Would you please restate the data exactly as it stands, apart from the pictures?

● Dataset content
>>>>>
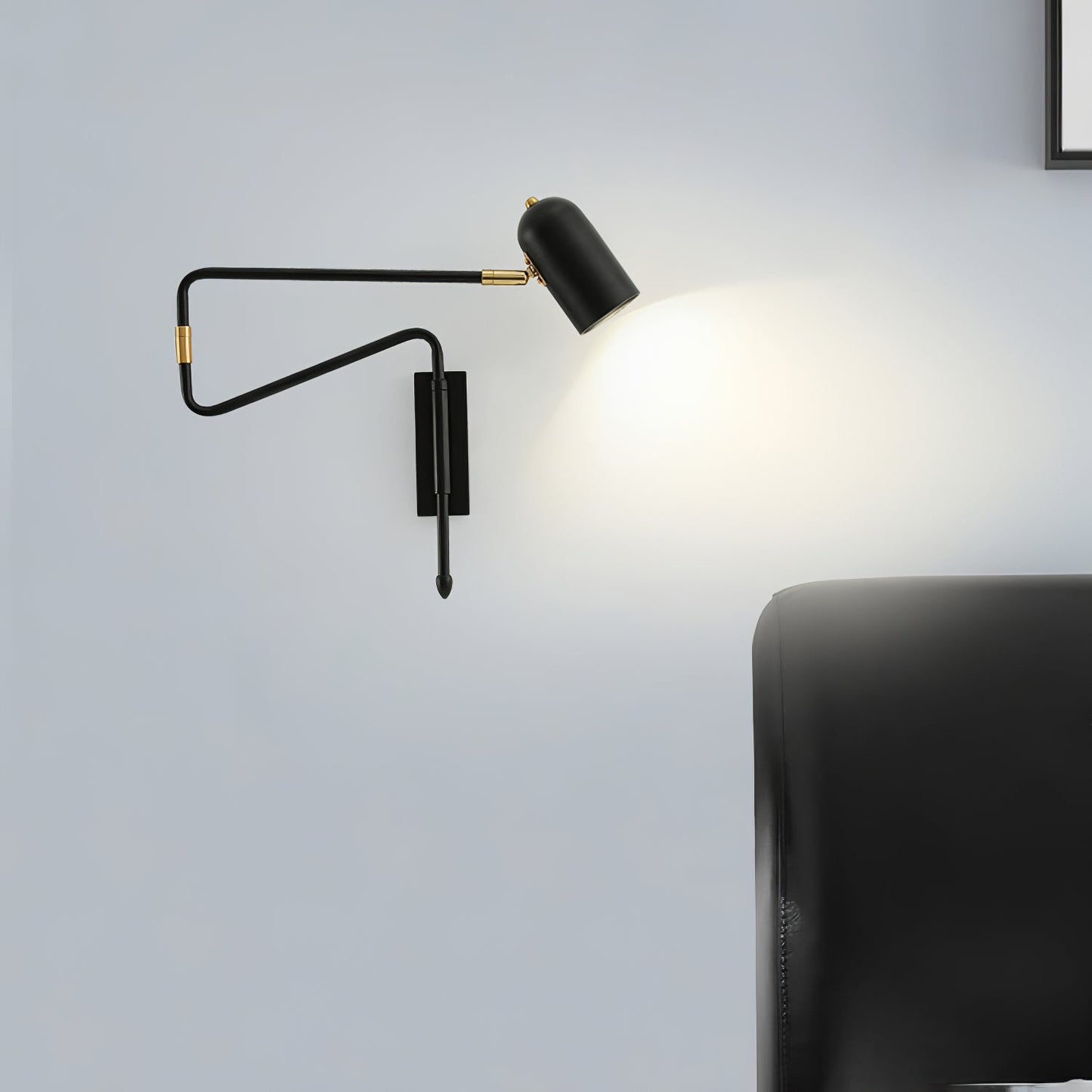 Wandleuchte mit drehbarem Arm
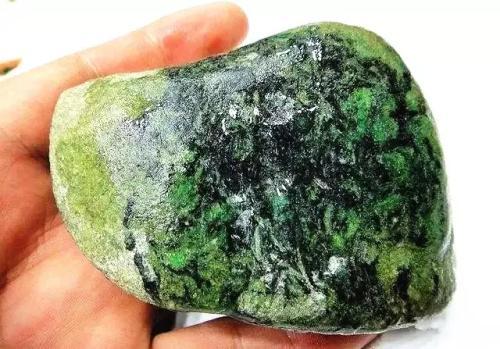 翡翠原石癣怎么形成的简单介绍-第1张图片-翡翠网 翡翠原石癣怎么形成的简单介绍-第1张图片-翡翠网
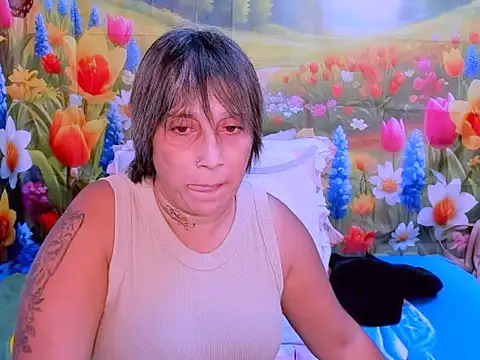 Snapshot of indianroxy chatting on 10, 10, 2025 indianroxy online show from 10, 10, 2025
<<<<<
● Response for this exercise
 Wandleuchte mit drehbarem Arm
 翡翠原石癣怎么形成的简单介绍-第1张图片-翡翠网 翡翠原石癣怎么形成的简单介绍-第1张图片-翡翠网
 Snapshot of indianroxy chatting on 10, 10, 2025 indianroxy online show from 10, 10, 2025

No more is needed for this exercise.